Even strong young lions sometimes go hungry,
But those who trust in the Lord will never lack
Any good thing.” -Ps 34:9&10
One of the things unbelievers often say when the subject of God come up is, “Well, you may need that, Angela, but I just don’t.” What they say is true. I do need it. I can’t live without it. I need God about like I need breath. Without his intervention, I firmly believe that I would have eventually destroyed myself and my family. It’s not far-fetched. Look at any newspaper. People do it all the time. Drink, drugs, a gun to the forehead, a quick accident in the car…
I need God. I need Jesus. I don’t see it as a weakness anymore, like Marx’s “Opiate of the Masses.” To admit what you need and go where you need to go to get it seems like good sense to me. I needed love, help, healing, and hope. I found it in abundant, unfailing amounts.

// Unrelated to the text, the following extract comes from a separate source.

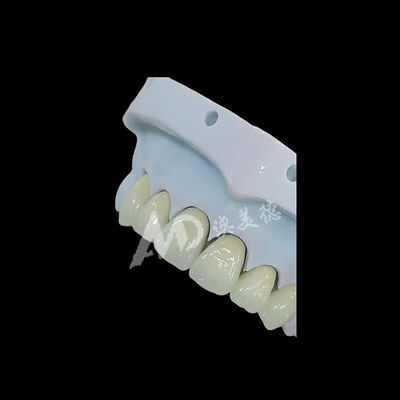 Buen precio Coronilla dental de zirconia monolítica de contorno completo En línea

And He didn’t ask for my medical insurance or my credit card number! He gave it to me because I needed it, He had it, and I was his loved one, precious to him.
So many people still have faith in themselves, faith in their ability to handle things, confidence that they have it all figured out. Or if they don’t, that they will have tomorrow, next week, or next year. They’re flying it solo, and they don’t need any hocus pocus religious blankity blank help!
If you’re one of those people, all I can say to you is OK. Do it yourself. But if, possibly, today or tomorrow or next year, things don’t quite work out… if things fall apart….if you get hurt and lose faith in yourself, cry out! Cry out to the Lord in your suffering and he will hear you. He will set you free from what you’re afraid of! For Christ stands guard over all who fear him, and he rescues them. The bible says so. Psalms 34, verses 6 & 7.
Look it up for yourself.

Angela,
These are truly deep insights into yourself, an honest assessment of who you were and what you desire to be in Christ. I agree, it takes people losing faith in themselves, their assumed righteousness, before they can appropriate the love of God through Jesus Christ for themselevs and be transformed by His love. I marvel at your transparency. The religiously pious wouldn’t dare do that. But how can the lost learn of His love otherwise? I deeply appreciate you for that.